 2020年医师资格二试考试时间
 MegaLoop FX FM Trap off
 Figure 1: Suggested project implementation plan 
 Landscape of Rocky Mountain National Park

----

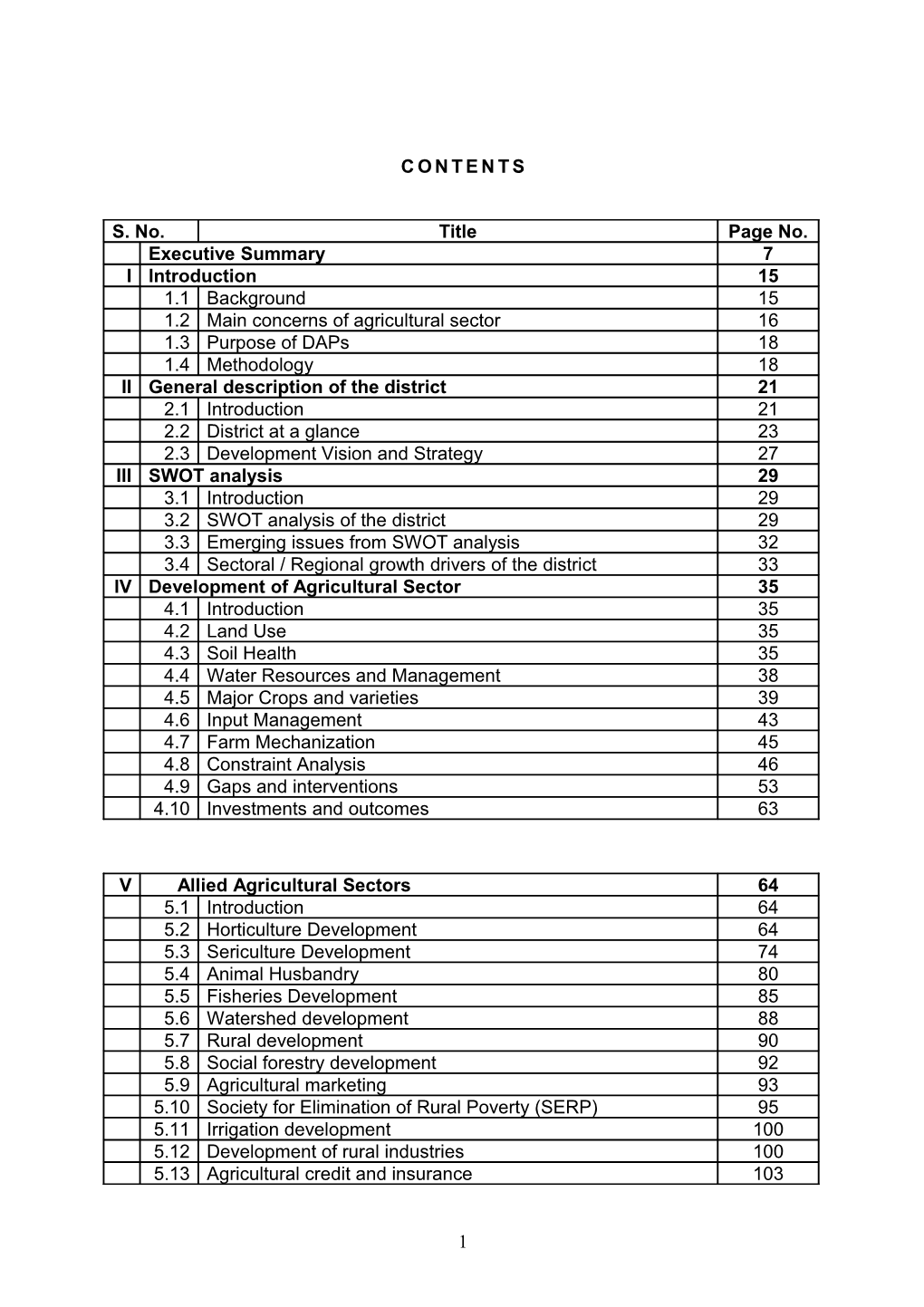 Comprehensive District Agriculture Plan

----

= PROBLEM DETAILS =
Output, from the data above, the lines from the line with "2020年医师资格二试考试时间" to the line with "Landscape of Rocky Mountain National Park" exactly as they stand, both ends included and nothing else.

= RESULT FOR THIS EXERCISE =
 2020年医师资格二试考试时间
 MegaLoop FX FM Trap off
 Figure 1: Suggested project implementation plan 
 Landscape of Rocky Mountain National Park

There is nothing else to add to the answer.